# Understanding Failure Risk

Written by Gary T. Fry, Vice President, Fry Technical Services, Inc.; Railway Age Contributing Editor Figure 1. A person trying to lift an object is a familiar example of a system at risk of failing. (Courtesy of Gary T. Fry.)

RAILWAY AGE, MAY 2022 ISSUE: Welcome to “Timeout for Tech with Gary T. Fry, Ph.D., P.E.” Each month, we examine a technology topic that professionals in the railway industry have asked to learn more about. This month, we discuss risk of failure and methods we can use to quantify this risk.

Even after expending our best efforts, in most human endeavors, there is no such thing as “zero probability of failure.” Engineered systems are not exceptions to the rule. Consequently, assessing risk of failure is an essential part of planning, designing, building, operating and maintaining these systems. In particular, the concepts of capacity and demand and their relative magnitudes are the most important objectives to control, especially in the context of ensuring safety. We begin with a familiar example that illustrates the essential features of a typical risk of failure assessment problem.

Figure 1 (above) is a photograph of a person trying to lift a pumpkin. What is the risk that this effort will fail? To answer the question, we need to know this person’s maximal lifting capacity and the weight of the pumpkin. If the weight of the pumpkin exceeds the person’s maximal lifting capacity, we might reasonably conclude that there is a risk of failure approaching 100%. Conversely, if the person’s maximal lifting capacity exceeds the weight of the pumpkin, we assess a risk of failure close to 0%.

Let’s extend this analysis a little by considering two scenarios. First, imagine that one person, who happens to possess a lifting capacity of 25 pounds, enters a yard filled with 10,000 assorted pumpkins that vary in weight. Once inside the yard, he tries to lift one of the pumpkins selected at random. What is the risk of failure?

To perform this risk assessment, we need some data regarding the weights of pumpkins in the yard. Figure 2 (below) is a histogram representing the distribution of weights of the 10,000 pumpkins. All we need to do is determine the number of pumpkins that weigh more than 25 pounds (this person’s lifting capacity) and divide by the total number of pumpkins in the yard. In this case, it turns out that there are 472 pumpkins that weigh more than 25 pounds. The result of the calculation gives a risk of failure of 4.7%.

For the second scenario, imagine that a very large group of people, who possess varying lifting capacities, enters the yard. A person selected at random tries to lift one of the pumpkins also selected at random. What is the risk of failure?
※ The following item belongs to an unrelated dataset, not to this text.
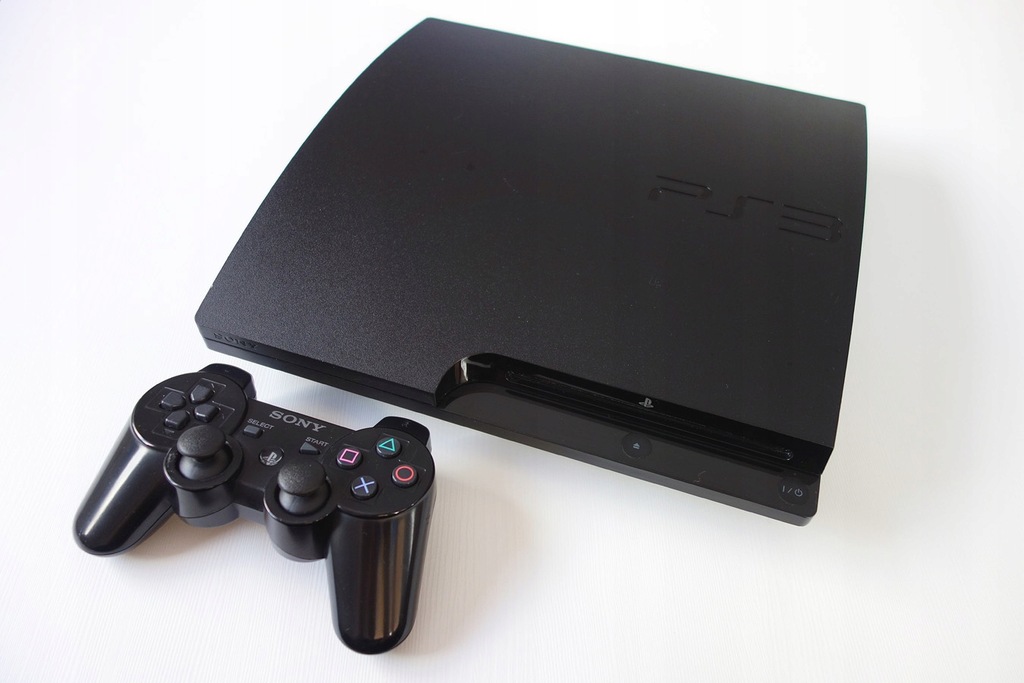 konsola Playstation 3 Slim 320GB pad PS3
This scenario is more complicated than the first, but it is closely related to the types of risk assessments we perform on engineered systems. The large group of people is analogous to a large population of similar engineered systems, such as railway wheels, that because of wear and tear possess varying capacity. The pumpkins are analogous to the varying demand placed on the population of systems, such as the amount and type of material that might be loaded into a railcar.
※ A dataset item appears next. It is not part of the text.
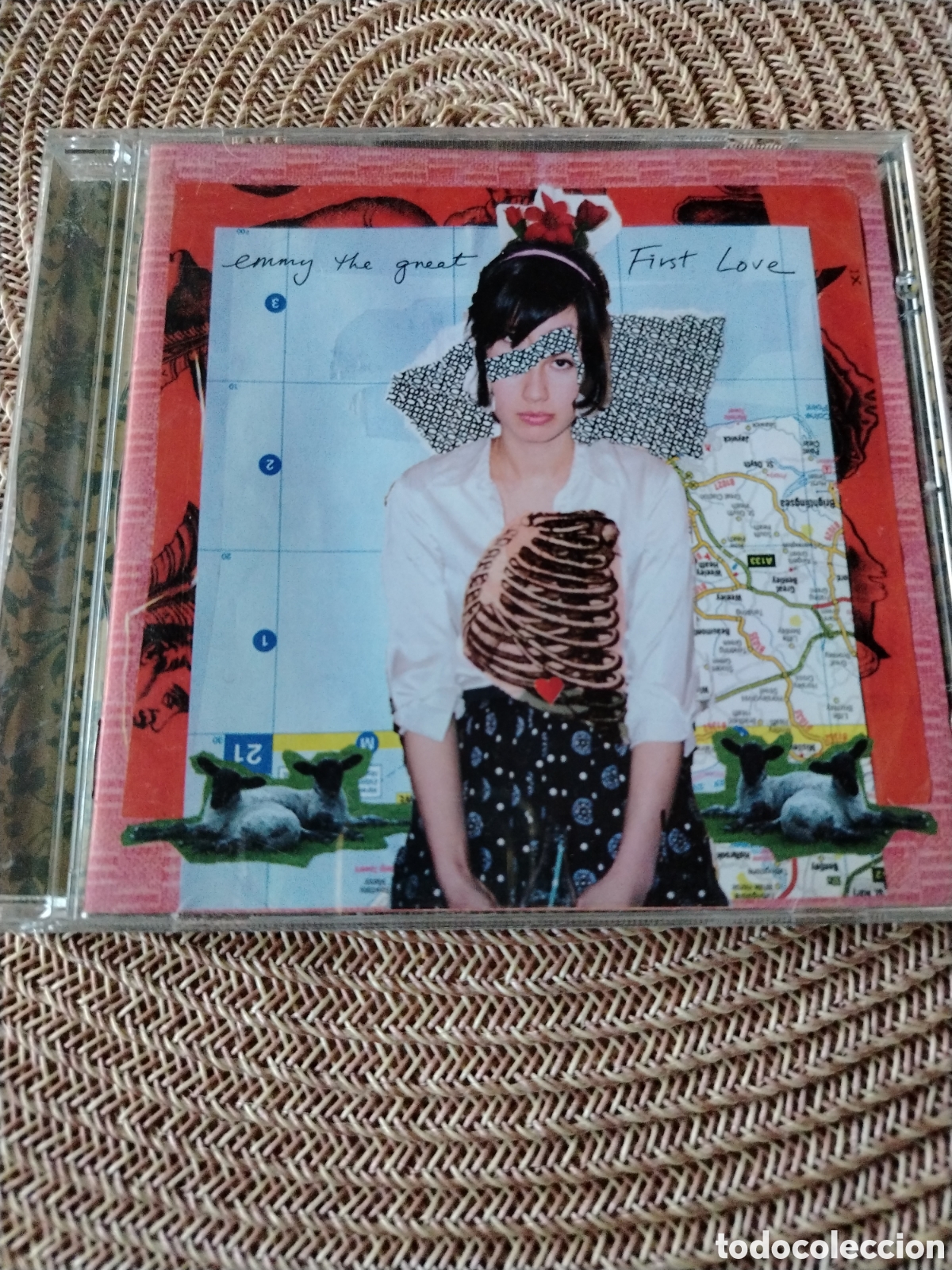 CDs de m&uacute;sica: Emy the Great - First Love plus Edward CD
To continue with our risk assessment, we need more data. For example, Figure 3 (below) is a histogram representing the lifting capacity of 10,000 different people. Note that we now have data on 10,000 people and 10,000 pumpkins—one pumpkin for each person. Figure 3. Histogram representing the lifting capacities of 10,000 people—men and women. (Courtesy of Gary T. Fry.)
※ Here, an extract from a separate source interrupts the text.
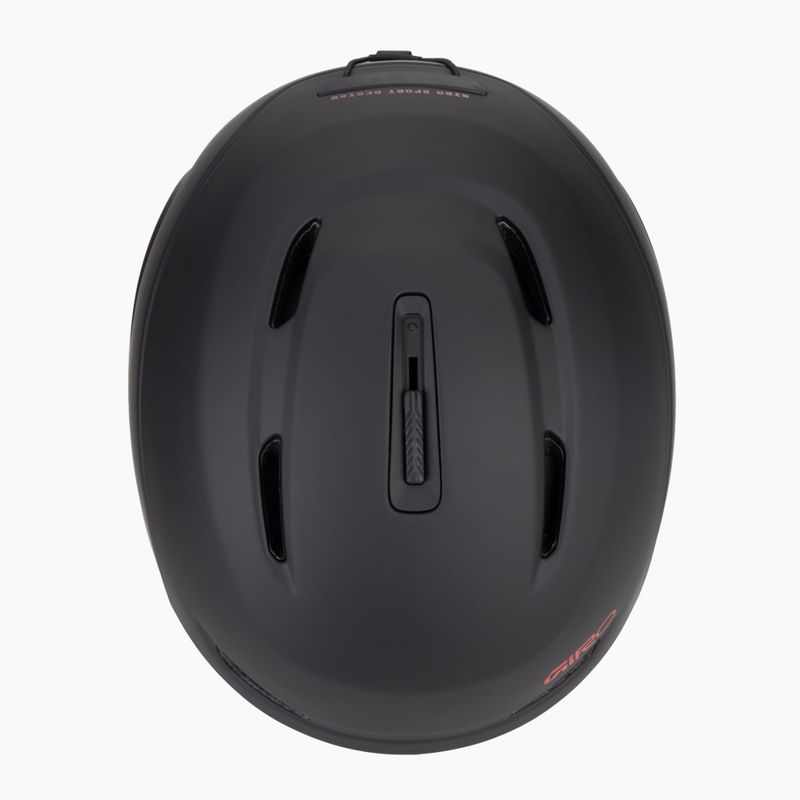 Sísisak Giro Neo matte black red 6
There are a few ways that we can proceed from here that are equally acceptable. Let’s focus on one approach. Select at random, from each of these two data sets, a person’s lifting capacity and a pumpkin weight. Subtract the pumpkin weight from the lifting capacity. The resulting difference is a new data sample to be included in a new data set. Continue this process, without reusing any of the data, until no data pairs remain.

Figure 4 (below) is a histogram that represents a result from applying this algorithm. The differences calculated between 10,000 random pairs resulted in 75 failures that are visible as red-shaded bars plotted left of zero on the horizontal axis. Hence the risk of failure is 0.75%. This process should be repeated, each time randomly selecting one element from each data set to create a random pairing. Each effort will provide a different estimate for risk of failure, and the set of those results will comprise a representative failure statistic. For example, after 10 repetitions, the average risk of failure was 0.85%, which is a little larger than the single initial calculation of 0.75%. The results are different each time because with each new analysis a given capacity might be paired with a different demand since the pairings are done at random. It is often desirable to perform the assessment this way, as we gain some additional insight into the variability present in the problem. Again, there are several ways to approach the problem; each has its merits. Figure 4. Histogram representing arithmetic differences between randomly selected pairs of lifting capacities and pumpkin weights. (Courtesy of Gary T. Fry.)

From the previous example, we see that an assessment of failure risk is a problem in statistics. And from the unique perspective of statistics, we can gain insight into the characteristics of a system that give rise to its risk of failing. From that insight, we can develop effective mitigation strategies that control the risk of failure.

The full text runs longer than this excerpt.